ADAB PUASA DALAM SUNNAH

Abu Hamzah Ibnul Qomari Lc. MAg
Wajib bagi setiap oring yang berpuasa menjaga adab-adab berikut:
1. Menjaga makan sahur dan mengakhirkannya, karena sabda Nabi Shallallahu ‘Alaihi wa Sallam:
« تَسَحَّرُوا فَإِنَّ فِي السَّحُوْرِ بَرَكَةً »
“Bersahurlah, karena sesungguhnya dalam sahur itu ada keberkahan.”(Bukhari 1823; Muslim1095)
« عَلَيْكُمْ بِغَدَاءِ السَّحُوْرِ فَإِنَّهُ هُوَ الْغَدَاءُ الْمُبَارَكُ »
”Kamu harus makan sahur karena ia adalah makanan yang berkah” (Nasai 2164)
Bahkan Nabi Shallallahu ‘Alaihi wa Sallam menjadikan makan sahur sebagai pembeda antara Orang Islam dan ahli kitab:
« إِنَّ فَصْلَ مَا بَيْنَ صِيَامِنَا وَصِيَاِم أَهْلِ الْكِتَابِ أَكْلَةُ السَّحُوْرِ »
“Sesungguhnya  pembeda antara puasa kita dan puasa ahli kitab  adalah makan sahur” (Muslim, 1096)
Dan alangkah bagusnya jikalau seorang muslim di dalam sahurnya makan kurma, karena mencontoh Nabi Shallallahu ‘Alaihi wa Sallam :
« نِعْمَ سَحُوْرِ الْمُؤْمِنِ التَّمْرُ »
“Sebaik-baik sahur  orang mukmin adalah kurma” (Abu Daud, 2345)

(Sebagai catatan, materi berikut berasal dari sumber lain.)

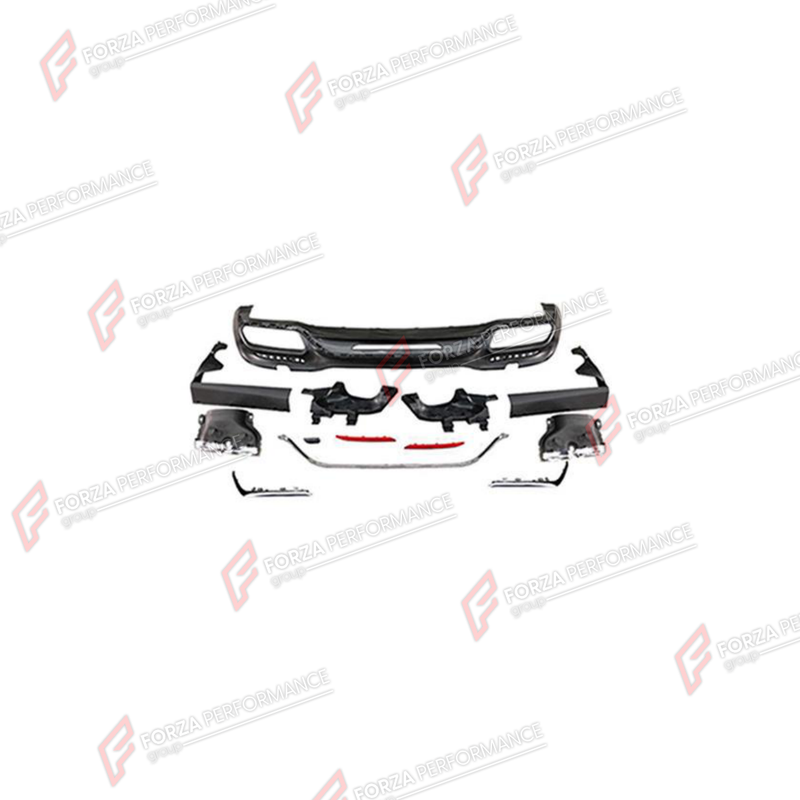 REAR DIFFUSER WITH EXHAUST TIPS for MERCEDES-BENZ S-CLASS W222 FACELIFT 2017 - 2020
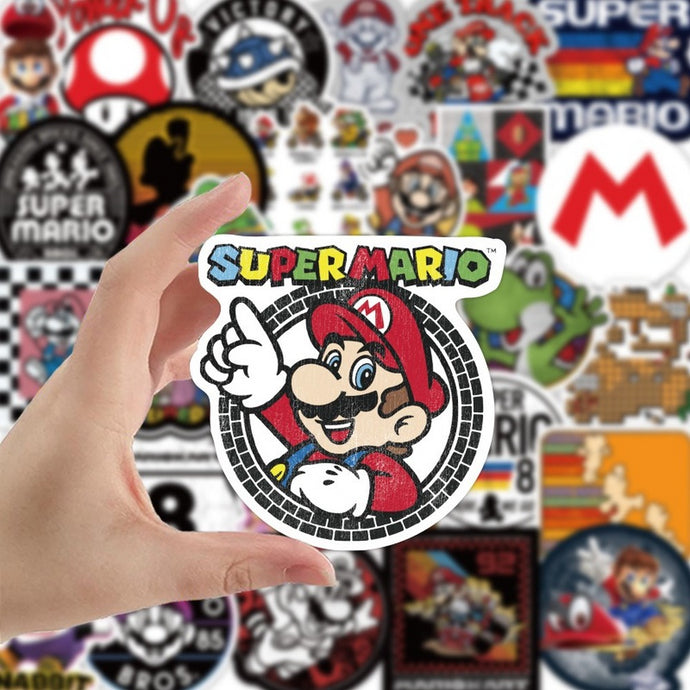50PCS Super Mario Anime Game Cartoon Stickers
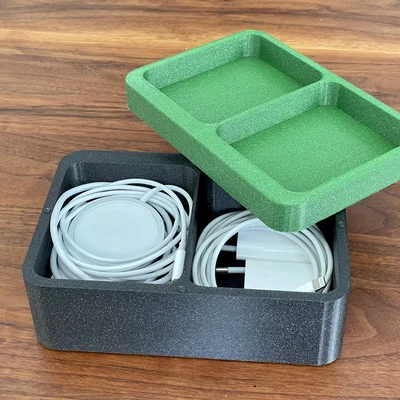 Hộp Khay Xoay Swivel Tray Box (OpenSCAD)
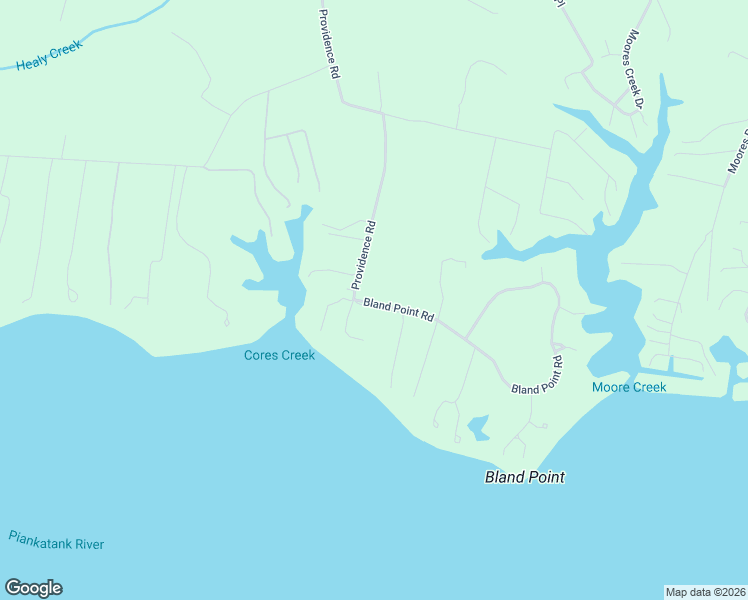 map of restaurants, bars, coffee shops, grocery stores, and more near Bland Point Road in Middlesex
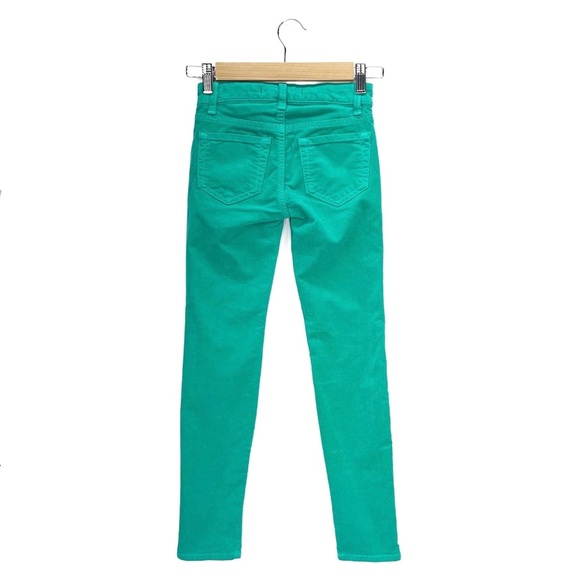 J Brand Corduroy Skinny Jeans Girl’s Size 8 Palm Green Pants Cords New NWT - Picture 2 of 6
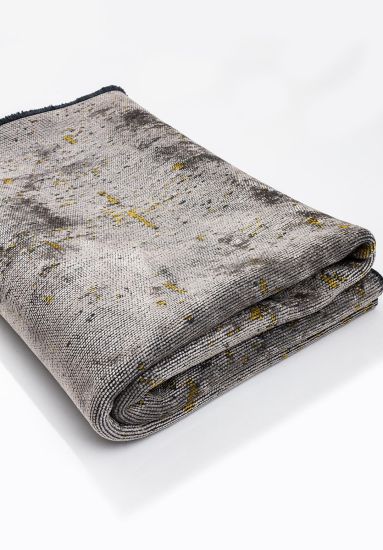Celesta Grey & Yellow Abstract Living Room Rug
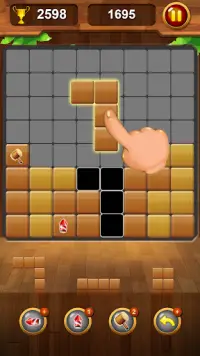 Hout blok Legende - Blokkeer Puzzel Screen Shot 1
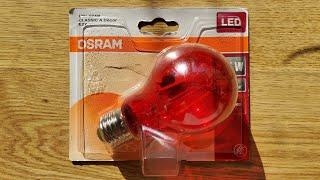 OSRAM LED STAR CLASSIC A Décor Red Filament Bulb 2.5w e27 1000k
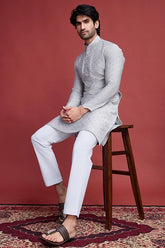 Mirror Work Men's Kurta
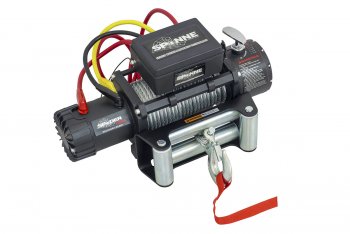 28 999 р. Лебёдка электрическая SPIDER 12000 lbs 5443 кг Electric Winch (влагозащищенная)   (стальной трос)  с доставкой в г. Кемерово. Увеличить фотографию 3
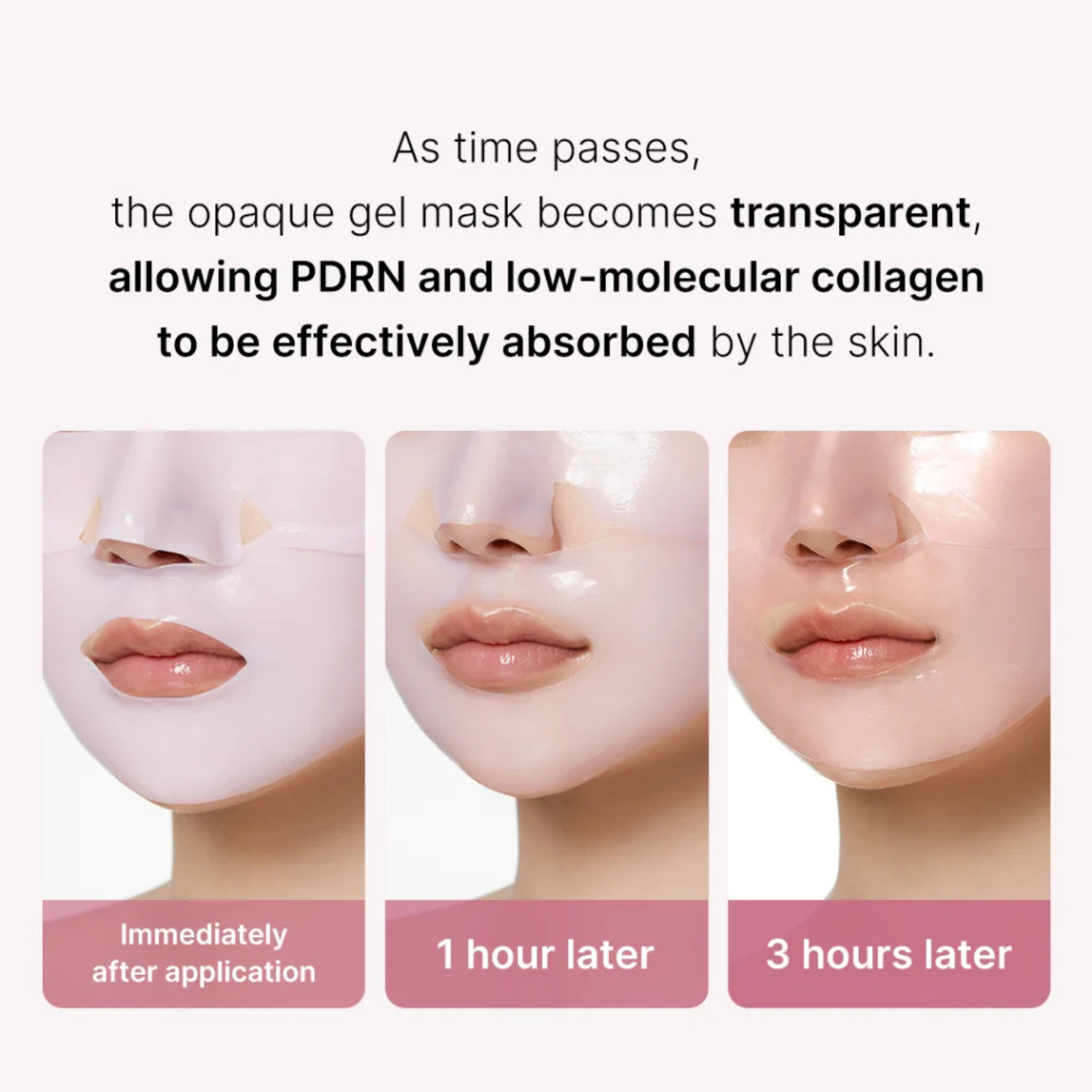 Medicube - PDRN Pink Collagen Gel Mask - Maschera viso al collagene e PDRN rassodante e idratante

Jika tidak memungkinkan memakan kurma maka  hendaklah makan makanan yang ada  agar tetap mendapat keberkahan sahur:
« السَّحُوْرُ أَكْلَةُ بَرَكَةٍ فَلاَ تَدَعُوْهُ وَلَوْ أَنْ يَجْرَعَ أَحَدُكُمْ جُرْعَةً مِنْ مَاءٍ فَإِنَّ اللهَ عَزَّ وَجَلَّ وَمَلاَئِكَتَهُ يُصَلُّوْنَ عَلَى الْمُتَسَحِّرِيْنَ »
“Sahur itu adalah makanan berkah, maka janganlah kamu meninggalkannya meskipun hanya sekedar meneguk air dengan satu tegukan, karena Allah Subhanahu wa Ta’ala dan para malaikat-Nya bershalawat pada orang-orang yang sahur.”(Ahmad 11101, 11414)
Dan adalah Para sahabat Nabi Shallallahu ‘Alaihi wa Sallam selalu mengakhirkan makan sahur sebagaimana yang diriwayatkan oleh Baihaqi (4/238) dari Amr ibn Mimun, ia berkata: “Para sahabat Nabi Shallallahu ‘Alaihi wa Sallam adalah orang yang paling cepat berbuka dan paling akhir sahurnya.”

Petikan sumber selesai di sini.